Mapei’s committed but futile attacks ultimately created an odd mix; Marc Walters 1 minute behind the lead group and 30 seconds ahead of the yellow jersey group, with almost the entire field another 40 seconds back. It stayed that way to the line, with Walters riding half the race solo with a 30 second lead that waxed and waned every trip through the sprint.
Yankus wrapped up the win, but as the groups came through finish, it was impossible to say which team had come out on top. In the aftermath, Telekom put three riders in the top 5 on points, with Al McWilliams and Brad Pauly 5th and 6th for Uno.
As it’s been all season, the difference was in depth. Behind Yankus amazing 210 point haul, Mapei put Walters, Carl Copenhaver, Greg Giles and Mike Reeves in spots 8-11, plus Cody Sovis in 1th for good measure. The squad put 6 riders in the top half of finishers, with Telekom the closest with 4.
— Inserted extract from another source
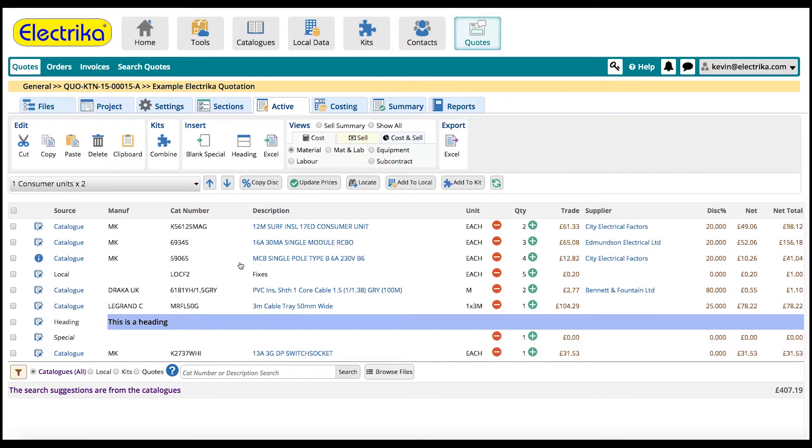You can now set your quantity, supplier, discount and installation time.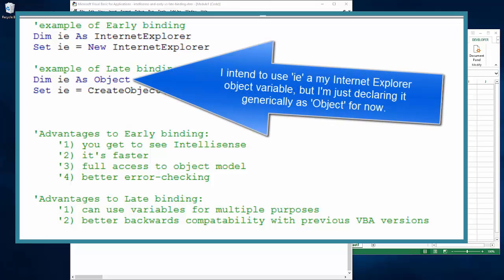So if you consider IE as the variable which we want to use to manipulate Internet Explorer, we can declare that variable using late binding, where we simply and generically declare it as an object, and late because it's only later that we give it its intent.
Stage 6 Team Standings (and final team finish order)
- Mapei – 1257
- Telekom – 1186
- Uno – 1031
Brad Pauly Earns Yellow
A top five contender in every stage race, Brad Pauly takes his first-ever GC win thanks to incredible consistency from Stage 1. He survived a day under pressure on Stage 3, losing a chunk of time to his closest GC rival, Cody Sovis, on the mountainous Achterbahn stage in Innsbruck.
On top of pulling serious points for Mercatone Uno and being surrounded by a phalanx of support, Pauly never looked troubled on the final stage and ultimately could have handled Cody Sovis’s final efforts solo, if needed.
Kevin Soules steps onto the third step of the podium, a nice way to end the Tour for a rider who is constantly working for teammates – a task he carried out to perfection this final weekend.
What’s Next
Man, didn’t think about that. Kind of feel lost. Rudderless.
We need to thank Brad Hochstetler for investing so much time, effort and brainpower into this Series. Brad and Carl Copenhaver have pushed Zwift and Zwiftpower to its very limits over the past three years. DIRTy Mitten Racing League has helped to make the darkest four months of the year so much brighter. We can’t tell you guys how much we appreciate it!